GE’s Concentric Diversification strategy

This diversification approach involves bringing into the market new products that are closely related to the existing market. It involves adding similar products to the existing product line. For example, the GE Aviation sector started as steam turbine work in the 1900s. Through intensive research and development, GE invested in technology for high-attitude flight by concentrating on supercharge-driven aircraft engines. Through this, the company added an exhaust-turbo-driven system which provided a better performance that the previous product. Later the company introduced jet engines in the product line in the US market. This contributed to the growth in demand for military aircraft and led to the opening of a new manufacturing facility that could produce more products. The product diversification led to the production of different engine products such as J73, J79, and other successful products that were developed for the market. From this, GE diversified its stream turbine products business to the commercial aviation power plant and GE Aviation today. Through concentric diversification, GE has introduced new products to its different product lines for the different brands the company is providing. This approach is one of the major diversification strategies that facilitate GE’s continuous growth over years.  

GE’s Horizontal diversification strategy

The horizontal diversification strategy involves adding a new product that is not related to the products or services the company is already providing, but to the existing clients. Taking a big picture of the entire GE products, the company started as a Lightbulb Company in the electrical industry. Over the years, GE moved into the production and provision of products and services that are not related to electrics. Such unrelated industries include healthcare, aviation, finance and capital, power and water, additive, research, and digital. These sectors have no common attributes with each other. Though such unrelated diversifications are risky and involve a lot of research and development, the advantage of it is that they compensate each other in case of weak performance in one of the unrelated markets. This is noted from GE’s effort to divest units and unrelated companies or segments that are not performing to raise revenue to invest in new business avenues.

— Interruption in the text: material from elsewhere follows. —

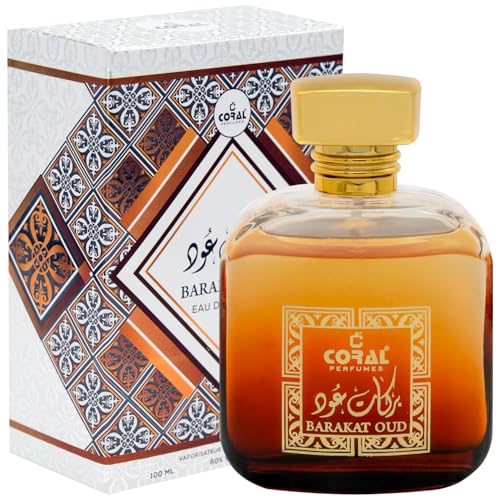 Image of Coral Barakat Oud Unisex Perfume 100ml | Oud Musky Long-Lasting EDP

GE’s Conglomerate Diversification strategy

This type of diversification entails adding new products or services that are not related to the existing products. However, the added unrelated product does not have any technological or commercial similarities to the existing ones. This diversification approach involves entering new markets and setting existing products to a new consumer base. GE has been a king of conglomerate diversification. The company has mitigated risks by diversifying into different industries and operating under different segments such as GE Power, GE Aviation, GE Healthcare, and GE renewable energy among others. This makes GE a multi-industry company since all the segments operate under the same corporate group. Through this diversification strategy, GE grew its market value to $594 billion in 2000 before it started declining.

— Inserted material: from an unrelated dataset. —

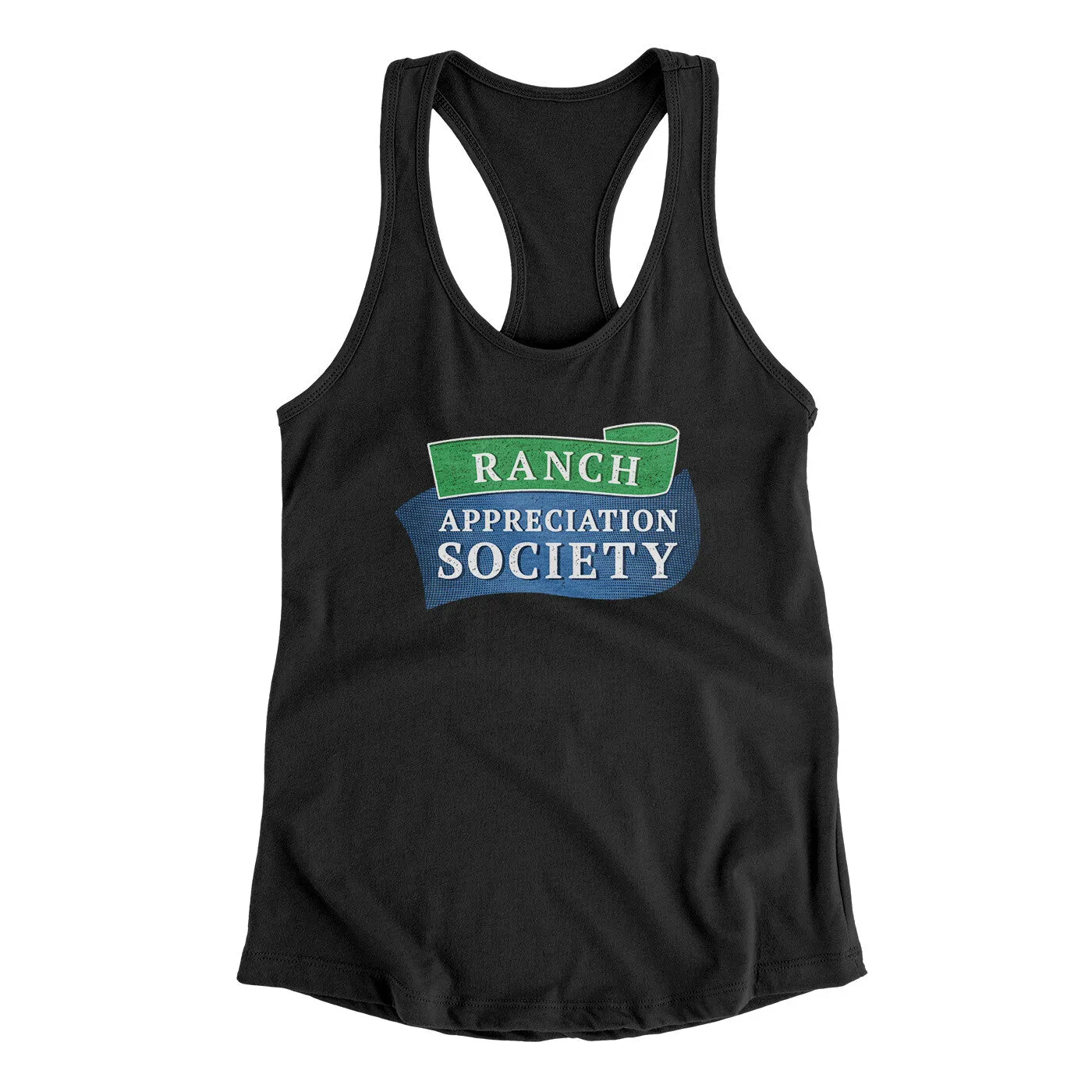 Ranch Appreciation Society Funny Women's Racerback Tank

Among these diversification approaches, the conglomerate is the riskiest strategy. It involves a lot of research and development, and advertisement costs. However, after more than 129 years of expanding the business through a conglomerate diversification strategy, GE has decided to end the conglomerate structure. The company intends to draw its focus on three main industries which are Aviation, Healthcare, and Energy industries.

GE’s diversification strategy takeaways

GE’s diversification strategy has helped boost the company’s resilience, making the business one of the biggest diversified multinational companies in the world. The company has used different diversification approaches to attain growth. This strategy has been GE’s generic growth strategy for competitive advantage that has made the company grows in different products and markets. However, diversification needs to remain relevant to the industry the business decides to diversify into since it is a risky approach.


  1. Ansoff, H.I., 1958. A model for diversification. Management science, 4(4), pp.392-414.
  2. Porter, M.E., 1997. Competitive strategy. Measuring business excellence.